08.30.06
Vatican stalks ID
Vatican Scholars to Include Intelligent-Design Theory in Meeting
by Wendy Cloyd, assistant editorScientists and philosophers will gather in Rome this week to discuss the origins of life.
A group of scholars and advisors to Pope Benedict XVI will meet in Rome Sept. 1 to address the topic of evolution versus intelligent design.
Advocates of intelligent design argue the universe and living things are so complex they must be a product of intelligent design rather than natural selection.
Dominique Tassot, a Roman Catholic scientist, told the American National Catholic Reporter that this week’s meeting is “to give a broader extension” to the debate.
“Most Catholic intellectuals today are convinced that evolution is obviously true because most scientists say so,” he said. It will take time to change common belief, he added.
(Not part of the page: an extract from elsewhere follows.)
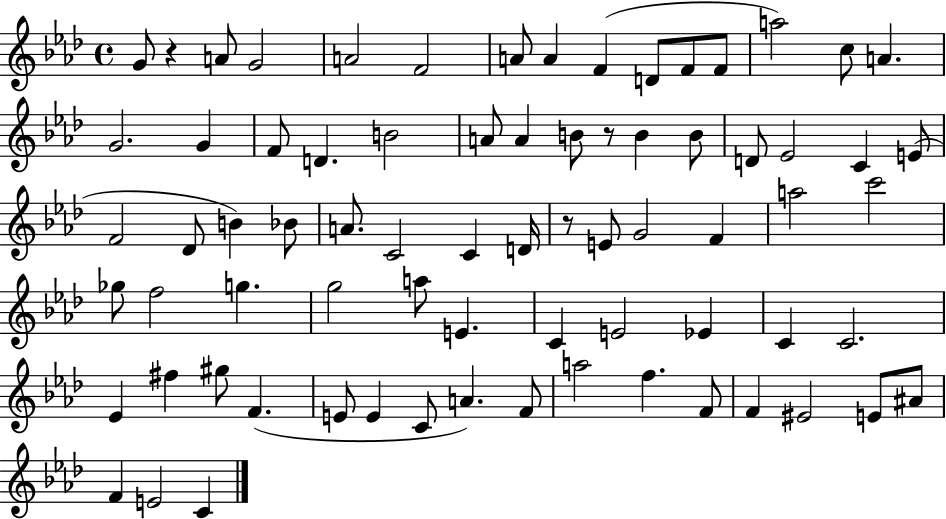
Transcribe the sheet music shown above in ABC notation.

Bruce Chapman, president of the Discovery Institute, which advocates for intelligent design, said this week’s discussion is really just the beginning of a dialogue.
“What’s good about all this is that they’re taking up the issue seriously,” he said. “I think this is not the end, but the beginning of the discussion and debate within the Catholic Church. It will be constructive, it will be conducted at a very high level and I think it should give cheer to people who are critics of Darwinism.”
While the scholars will certainly discuss origins of life, Chapman said the Catholic Church does not have a unified opinion and it will likely address both evolution and intelligent design.
“Everybody thinks the Catholic Church speaks with one voice, but, in fact, some Catholics are really Darwinists, some Catholics are theistic evolutionists and there are creationists,” he said. “There is a whole range of opinion.”
Of significant note, he said, is a speech made by Pope Pius XII in 1950, in which he said the Church should have a debate on this topic.
“And, in fact, it never took place,” said Chapman. “So people have nibbled at the edge of it, but the teaching has been, in my opinion, confused and unclear.”
In some cases, popes have seemed to criticize Darwinism and at other times they have seemed to be OK with evolution, he said.
“Pope Benedict the 16th, as a theologian, has long been a critic of materialism. So to the extent that Darwinism is materialism, he’s against it. I think that’s clear,” Chapman noted. “There are a lot of us who believe that the whole theory of Darwinism is shot through with materialism and the ideology of materialism. So the science is already corrupted — you can’t really separate the science from the ideology. They’re the same.
“I don’t think that’s clear yet to the Church leaders, but I do think what’s clear is that they don’t like the way that the ideology of materialism expressed through Darwinism has damaged our society in the West.”